Number of divisors of $10!$ 
Determine the amount of divisors of $10!$

This is a question in my combinatorics textbook, so I need to somehow reduce this to an elementary counting problem like combinations, permutations with or without repetition. I just don't see it. I can determine $10$ easy divisors, those are all the numbers $1$ through $10$ themselves. Then we can consider all possible products of these numbers, but then I get that a number can be either in the product , or not. I would get that it is $2^{10}=1024$ but the answer says it should be $270$.
What is going wrong here?
Note: $1$ and $10!$ are included
 A: You've overcounted quite a bit, because integer factorization is not unique unless we're talking about primes. So for example, you've got $4 \cdot 10 = 40 = 5 \cdot 8$ counted twice.

So rather than thinking about numbers between $1$ and $10$, think of prime powers.
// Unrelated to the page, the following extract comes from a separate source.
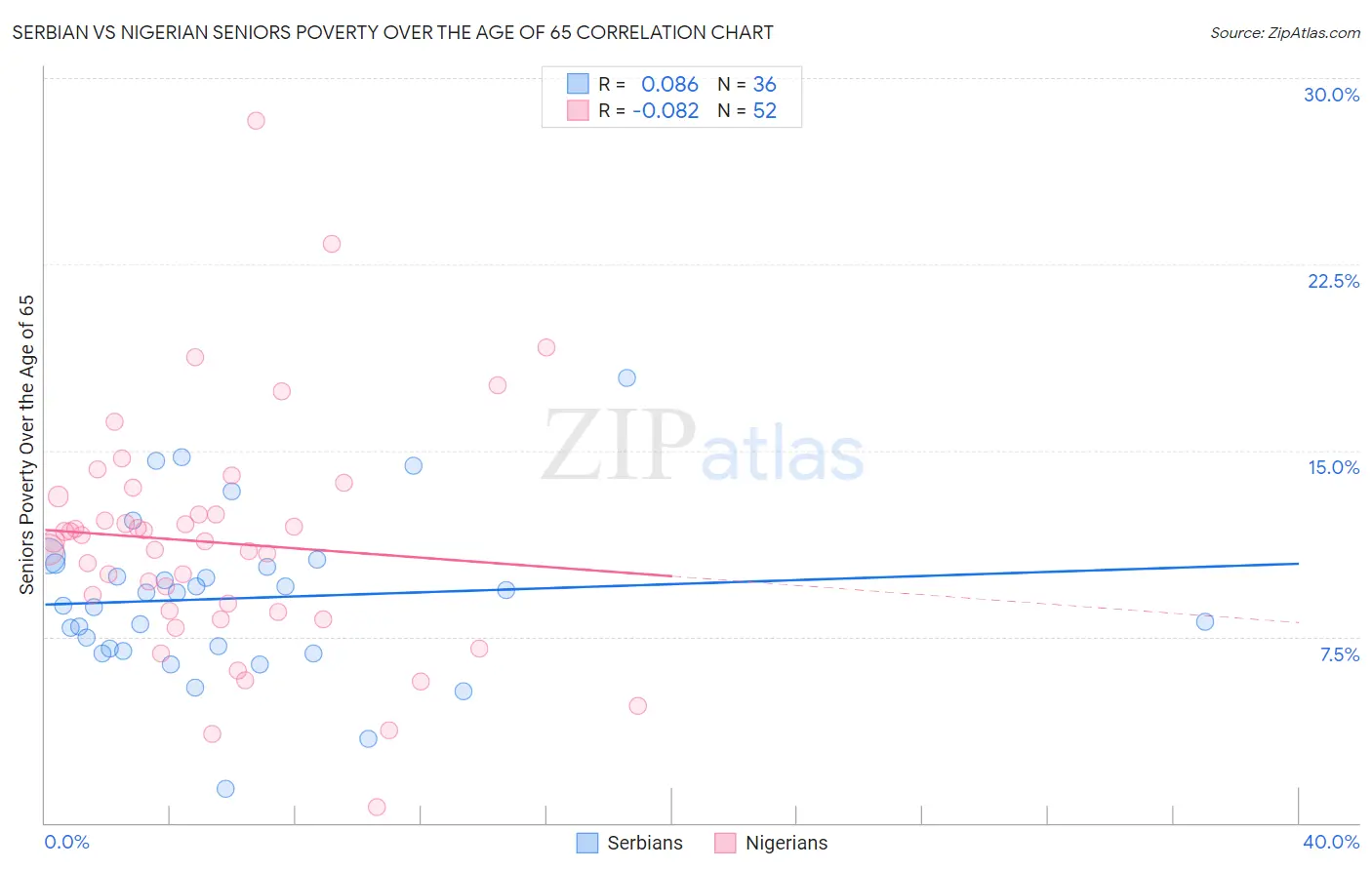 Serbian vs Nigerian Seniors Poverty Over the Age of 65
A number is a divisor of $10!$ if and only if it is of the form
$$n = 2^a \cdot 3^b \cdot 5^c \cdot 7^d$$
for appropriate ranges of $a, b, c, $ and $d$. I'll leave it to you to figure out why the values of $a, b, c, $ and $d$ range from $0$ to $8$, $4$, $2$ and $1$ respectively, giving
$$(8 + 1)(4 + 1)(2 + 1)(1 + 1) = 270$$
in total.
A: Hint
$$10!=2^{??}\cdot 3^{??}\cdot5^{??}\cdot 7^{??}$$
Now, any divisor must have the same primes with different powers...
The issue with your approach is that you are double and triple counting some divisors.
For example, you counted $8$ as $8$ but then you also counted it as $2 \cdot 4$. Same way, most numbers divisible by $8$ are at least double counted.
You counted $24$ as the products $3 \cdot 8, 4 \cdot 6, 2 \cdot 3 \cdot 4$ and so on...
A: Hint for a smaller number: consider $2^3\cdot 3^2$ = 72. To make one of its factors, how many times do you want to use $2$?